Examples of usage¶
Here are some example of how the module can be used.
Low level¶
The lowest level is a Python wrapper around each parse node returned by the PostgreSQL
parser. Each node is represented by a corresponding Python class in the module
pglast.ast — Python classes representing PG parser nodes.
Parse an SQL
statement and get its AST root node¶
The function parse_sql()
returns a tuple containing one or more
RawStmt
instances:
>>> from pglast import parse_sql
>>> root = parse_sql('select 1')
>>> print(root)
(<RawStmt stmt=<SelectStmt targetList=(<ResTarget val=<A_Const val=<Integer val=1>>>,) ...,)
The textual repr
esentation of a parse node carries all its not None
attributes,
recursively.
You can obtain the accepted attributes of any node by iterating it:
>>> rawstmt = root[0]
>>> print(tuple(rawstmt))
('stmt', 'stmt_location', 'stmt_len')
>>> from pglast import ast
>>> stmt = rawstmt.stmt
>>> assert isinstance(stmt, ast.SelectStmt)

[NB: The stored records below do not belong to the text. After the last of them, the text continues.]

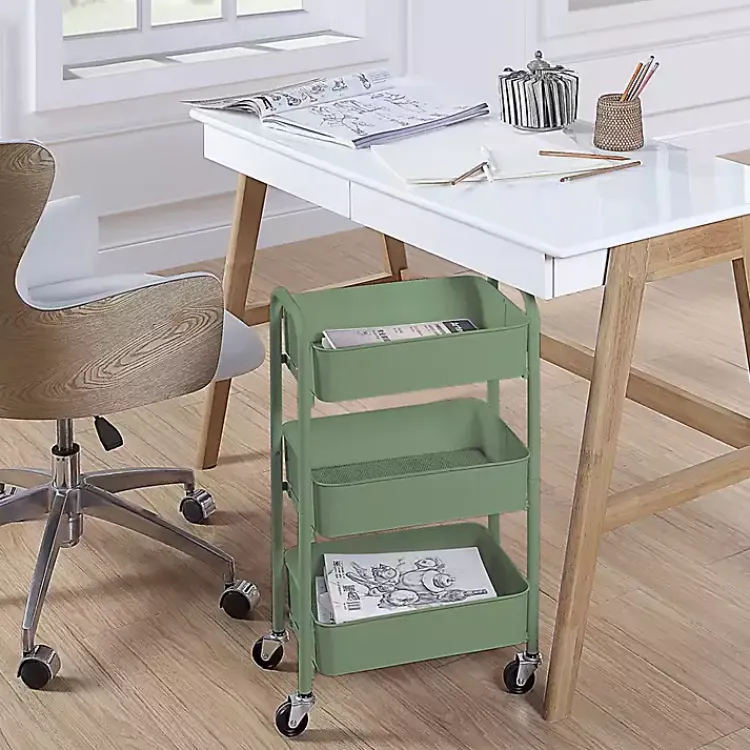 Kitchen Islands & Bar Carts-Kirklands Home Turquoise Metal 3-Tier Organizer Storage Cart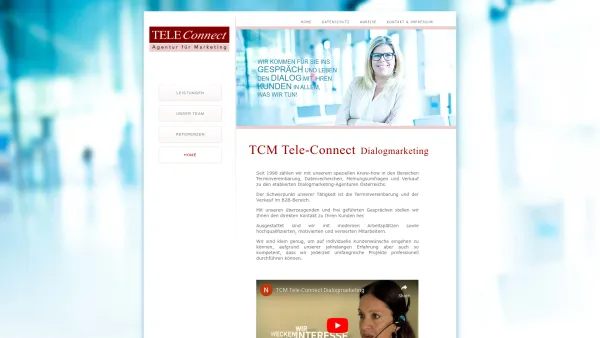 Website Screenshot: TCM Tele Connect Telefonmarketing KG - Telefon-Marketing - TCM Tele-Connect Telefonmarketing KG - Terminvereinbarung, Datenrecherchen, Meinungsumfragen und Verkauf - Date: 2023-06-26 10:23:05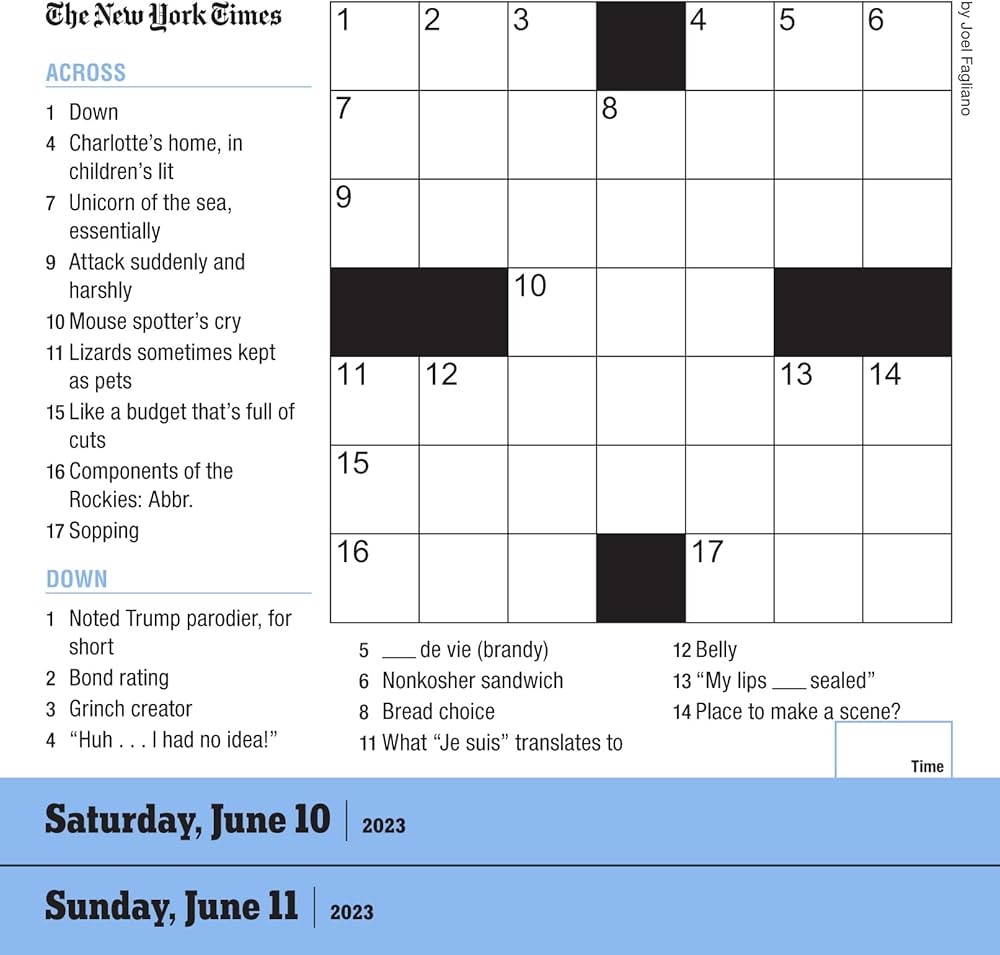 The New York Times Mini Crossword Page A Day Calendar For 2023 For Crossword Beginners And Puzzle Pros Workman Calendars Fagliano Joel 9781523516735 Amazon Books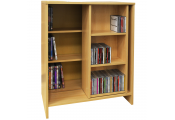 SLIDE - CD DVD Media Storage Bookcase / Display Sliding Shelves - Oak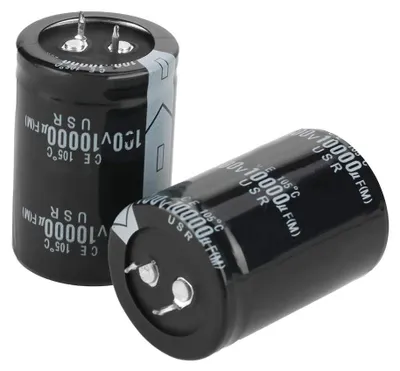 2x 10.000 µF Elko 100 V, 105 °C, 35×50 mm, niedrige Impedanz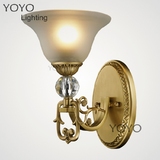 YOYO 全铜水晶壁灯 欧式美式水晶纯铜　客厅卧室床头卫生间别墅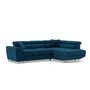 Voir la diapositive 2 : BEST MOBILIER Baoji - canapé d'angle droit 5 places convertible avec têtières et coffre en velours côtelé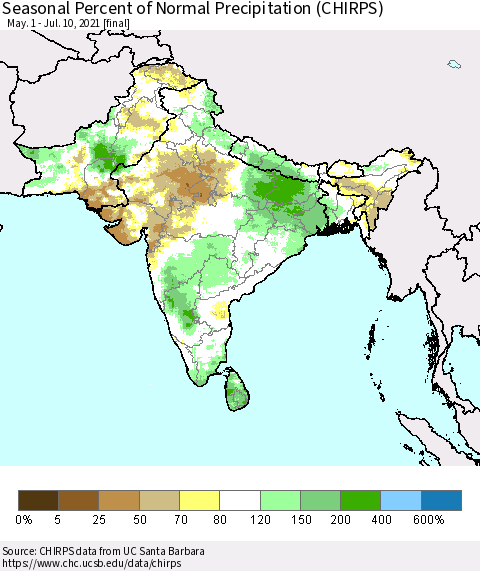 Southern Asia Seasonal Percent of Normal Precipitation (CHIRPS) Thematic Map For 5/1/2021 - 7/10/2021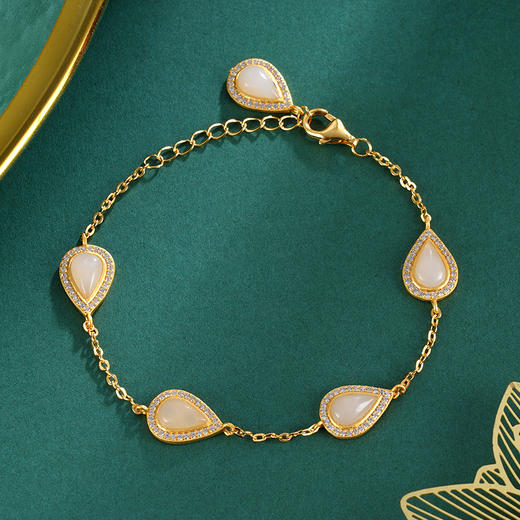 子佩集S925银【楼台烟雨】手链【WSE2099】和田玉镀金2401 商品图3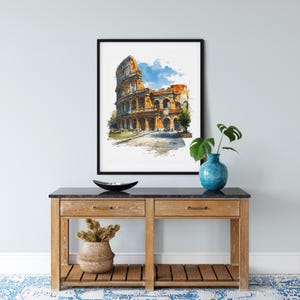Colosseum Rome Wall Art - Watercolor & Ink Roman Architecture Print, Historic Landmark Illustration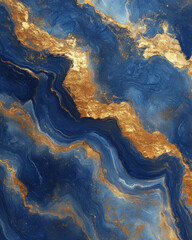Obraz premium A mesmerizing swirl of deep blues and shimmering gold creates a dramatic, marbled landscape reminiscent of ancient treasures.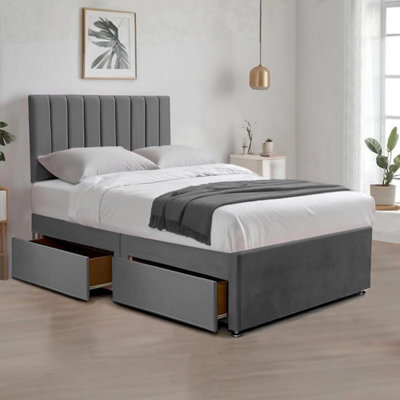Grey Plush 4Ft Small Double Bed With Matttress 2 Storage Drawers And 20 Inch Vertical Line Headboard - image 1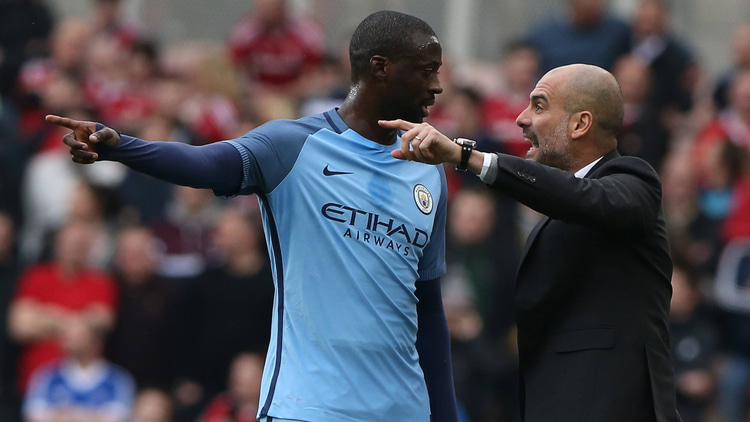Yaya Toure with Pep Guardiola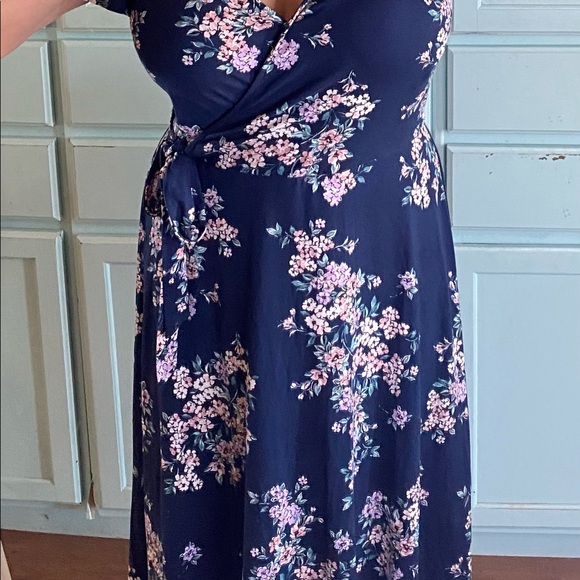 Dark blue  floral print hi low dress xl - Picture 8 of 12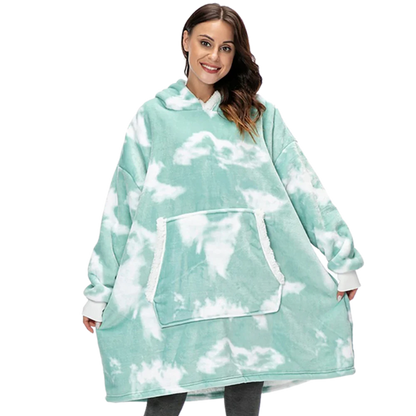Oversized Fleece Hoodie Blanket with Pocket
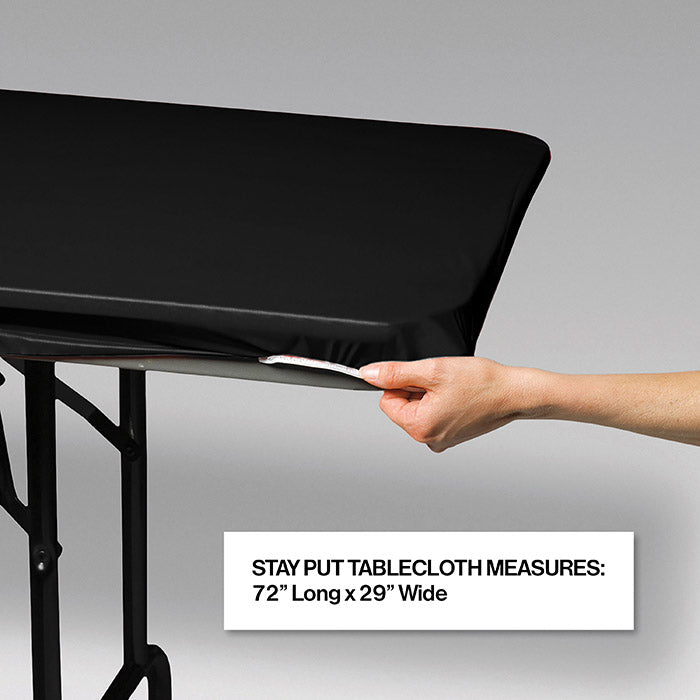 Stay Put Tablecover Black, 29" X 72" Party Decoration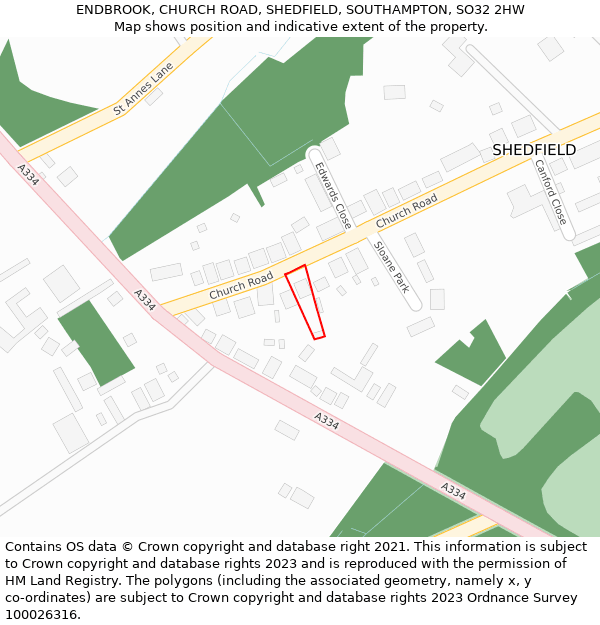 ENDBROOK, CHURCH ROAD, SHEDFIELD, SOUTHAMPTON, SO32 2HW: Location map and indicative extent of plot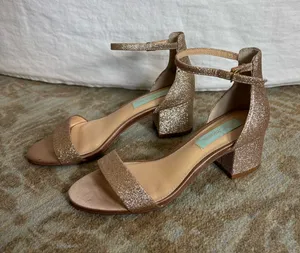 Betsey Johnson Champagne Gold Heels thumbnail 1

Each node is also a callable, to serialize it into a hierarchy of elementary Python values such as dictionaries and tuples:
>>> from pprint import pprint
>>> pprint(stmt(depth=2, skip_none=True))
{'@': 'SelectStmt',
'all': False,
'limitOption': {'#': 'LimitOption',
'name': 'LIMIT_OPTION_DEFAULT',
'value': 0},
'op': {'#': 'SetOperation', 'name': 'SETOP_NONE', 'value': 0},
'targetList': ({'@': 'ResTarget', 'location': 7, 'val': …},)}
As you can see, each node is serialized to a dictionary containing at least on special key,
@
, with the tag name of the node; lists of nodes are converted to tuples, and Enum
instances to a dictionary with a special #
key carrying the name of data type, and two
other keys name
and value
respectively with the name and value of the enum value.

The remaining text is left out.